Pound for pound, the most entertaining movie of 2017. The original "Lego Movie" was terrific and it produced the breakout character of "Lego Batman". Now instead of being a secondary character, Batman takes his place as the star of the film, while the screenwriters lampoon every Batman Trope you can think of. Will Arnet is great as the voice of the most honest and self centered caped crusader we have ever seen.
A drama disguised as a comedy, this was a last minute entry that forced me to redo the video you saw on the first page. I might move this higher as I think about it more but for now, I'm just glad I got it on the list and you should be glad to go and see it yourself. It is highly entertaining and and ultimately a little sad. Two great female performances also dominate the film.
Director Denis Villeneuve has made a great sequel to a great film that was ignored in its time, and he is getting the same treatment. Audiences stayed away but the film will grow to be as memorable as the original. Somehow that seems poetic, although I'm sure the folks at Warner Brothers would rather have the box office.
Actor Gary Oldman gives a performance worthy of the most towering figure of the last century. The film focuses on the two weeks after Churchill became Prime Minister, and that moment in time when it looked like the world could be lost. Historians may wavier about the "Great Man" approach to history, if they do, they should go back and reassess what might have happened if Winston Churchill was not there.

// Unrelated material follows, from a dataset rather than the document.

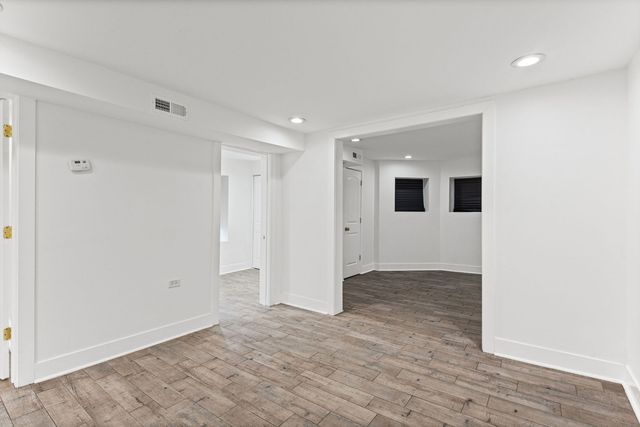 2833 W Polk Street, Chicago, IL 60612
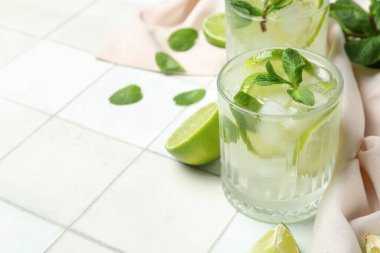 Beyaz fayanslı bir bardak mojito.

Three terrific performances justify the inclusion of this film on the list. Francis McDormand might overshadow the film except that Woody Harrelson is there. Both of them will need to move over a little because Sam Rockwell gives a performance that should finally produce awards attention that he has not received before.
A wonderful, largely unseen gem from Great Britain, which serves as an entertaining companion piece to two other films on my list. This is a war film, about everyday people making a movie about everyday people. It is just the kind of thing that gets me on a regular basis. As an added bonus it has great performance from another of my favorites, Bill Nighy. I doubt that it will be remembered at awards time, but it should be.
An action crime film from Edgar Wright, and it is propelled by music primarily from the 70s, that's another reason to love this movie. The car chases alone are worth your time, but there is also a sweet love story and some very scary characters to go along with it. I know Kevin Spacey is persona non grata these days, but his presence in the film should not be a deterrent, There is a lot here to love.
Speaking of things to love, here is a Pixar film to love. Do you remember the days when every Pixar film was fantastic, you know before the dark times, before Cars 2? Well let's hope those days have returned because this would make an excellent entry point to such a joyous return to form. I got more about the culture and tradition of this holiday from this movie, than I've received from living next to the culture for almost sixty years. Here is a dysfunctional family that needs redeeming by music and love. Do yourself a favor, save this movie for a time when you really need some uplifting inspiration. Then watch it and see how much better your life is.
This film written and directed by Taylor Sheridan is bleak, honest and something that will stick in your head if you let it. Sheridan wrote last years "Hell or High Water", which if I were to redo my list from last year would probably move up to being my favorite film of last year. So for the second year in a row, he has a film in the number two spot on my list. That is some kind of consistence.
Christopher Nolan has not disappointed me yet as a director. Maybe "The Dark Knight Rises" fails to meet the standard set by it's predecessor, but it was still an excellent film. Once again, he has something here to impress us with. The biggest military disaster imaginable is avoided and it turns a retreat into a critical turning point in favor of the Allies. There is not a lot of character, the plot barely follows specific people and never really delves into their backstory. Everything is focused on the events taking place and the crisis atmosphere that surrounds the characters. "Darkest Hour" and "Their Finest" are companion pieces to this film, but this is the one that takes film making expertise and applies it to an event to make us feel as if we really know what happened. This was the best film I saw last year.